Look in the data below for the line that has "CCC Men’s Cardigan Medium", then print exactly every line from there through the line that has "תמונה 2 Knaus", leaving pictures out.

Available data
══════════
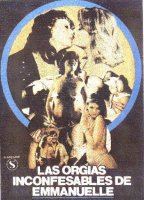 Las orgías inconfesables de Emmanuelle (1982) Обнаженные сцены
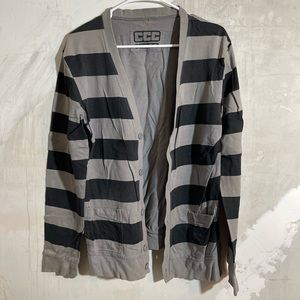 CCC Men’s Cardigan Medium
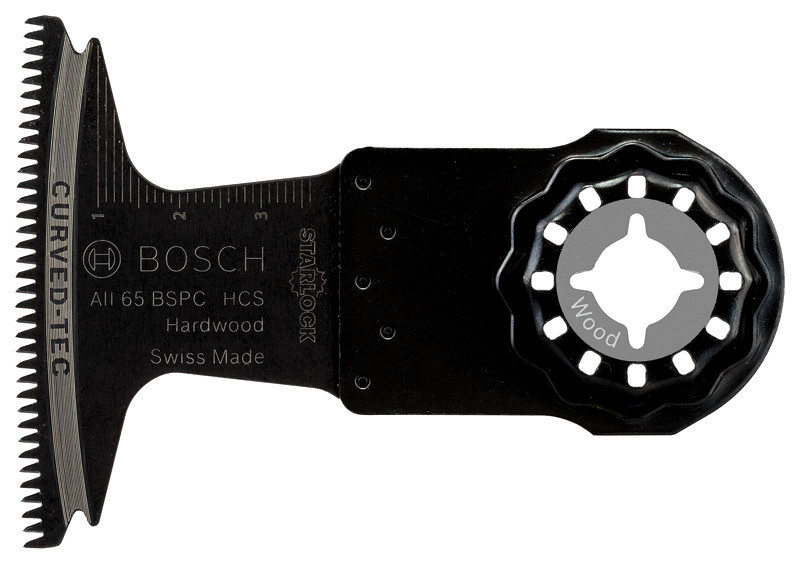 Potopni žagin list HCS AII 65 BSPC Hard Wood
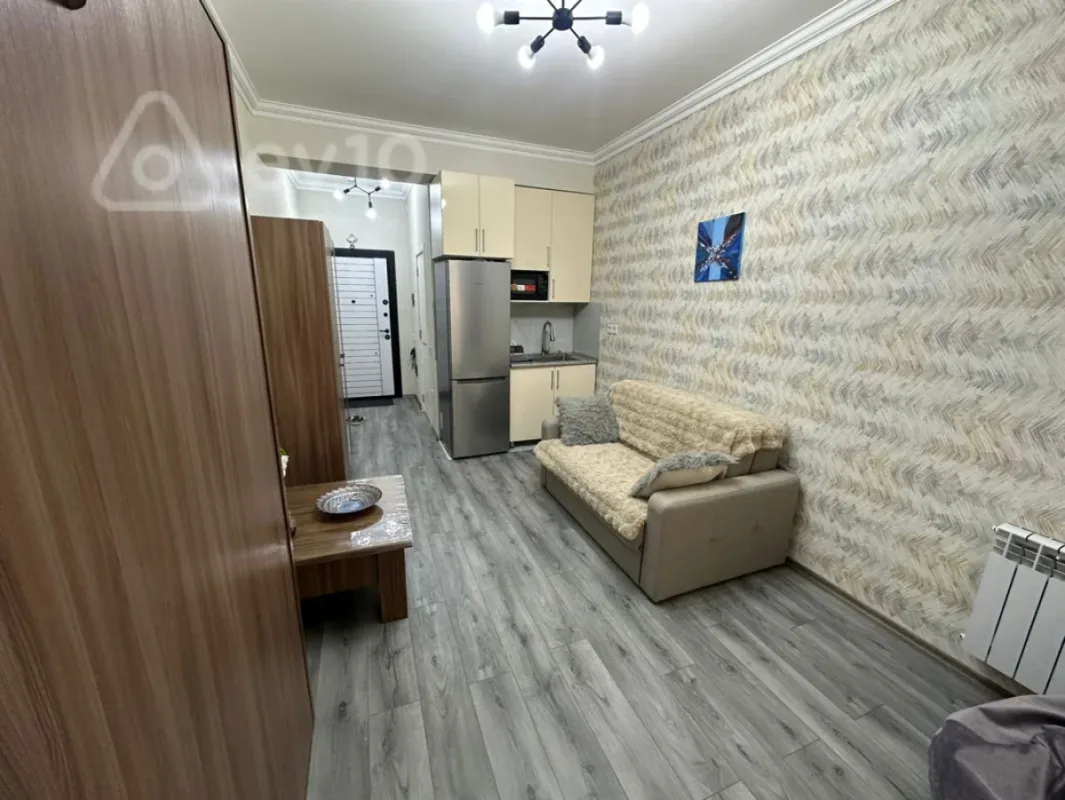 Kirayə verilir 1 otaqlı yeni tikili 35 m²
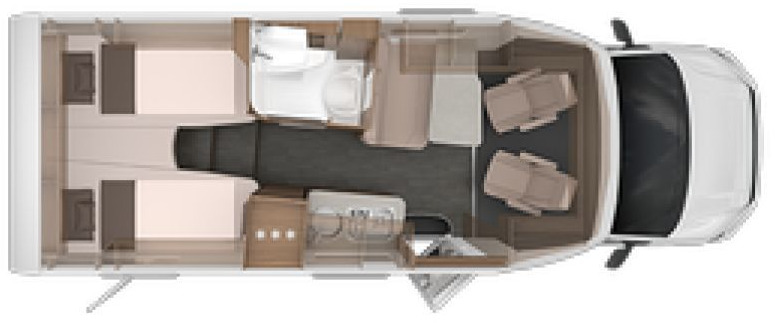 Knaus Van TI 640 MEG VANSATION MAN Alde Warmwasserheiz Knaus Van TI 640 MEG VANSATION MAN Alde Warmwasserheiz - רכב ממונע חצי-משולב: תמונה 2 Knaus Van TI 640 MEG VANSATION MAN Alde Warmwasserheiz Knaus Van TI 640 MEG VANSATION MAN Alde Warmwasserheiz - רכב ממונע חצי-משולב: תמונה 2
══════════
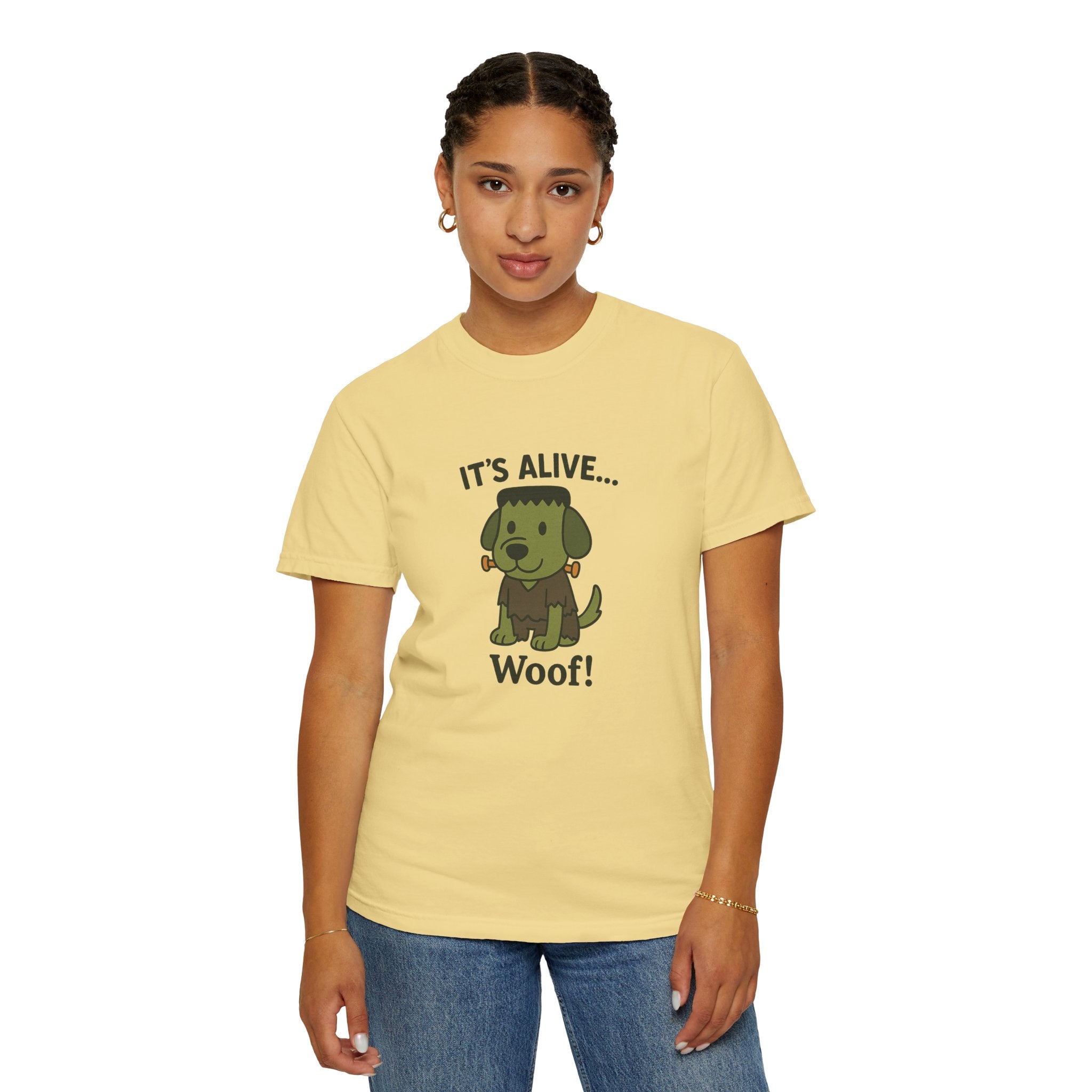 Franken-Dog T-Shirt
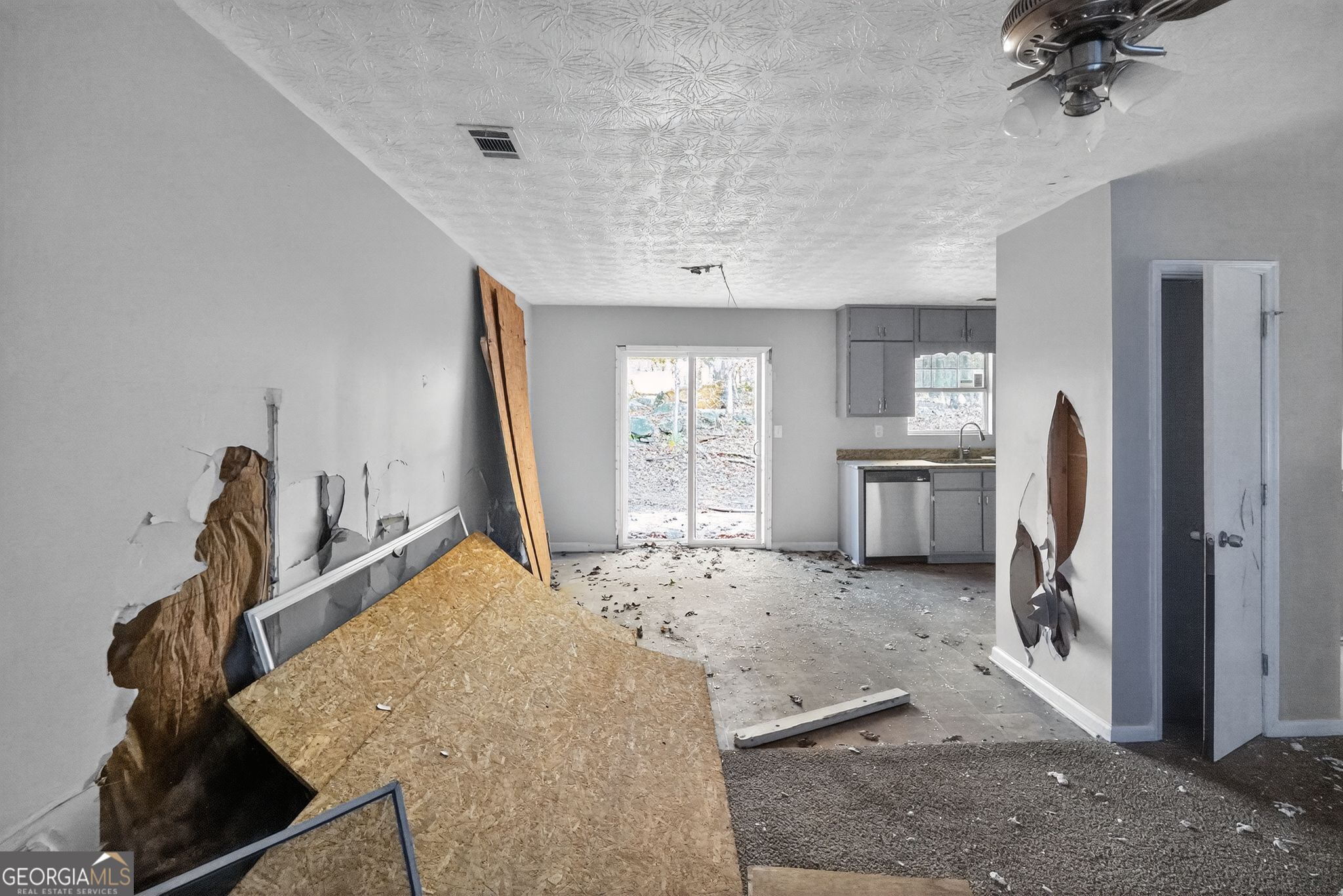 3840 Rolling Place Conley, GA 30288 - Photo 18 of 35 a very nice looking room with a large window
══════════
Exercise result
 CCC Men’s Cardigan Medium
 Potopni žagin list HCS AII 65 BSPC Hard Wood
 Kirayə verilir 1 otaqlı yeni tikili 35 m²
 Knaus Van TI 640 MEG VANSATION MAN Alde Warmwasserheiz Knaus Van TI 640 MEG VANSATION MAN Alde Warmwasserheiz - רכב ממונע חצי-משולב: תמונה 2 Knaus Van TI 640 MEG VANSATION MAN Alde Warmwasserheiz Knaus Van TI 640 MEG VANSATION MAN Alde Warmwasserheiz - רכב ממונע חצי-משולב: תמונה 2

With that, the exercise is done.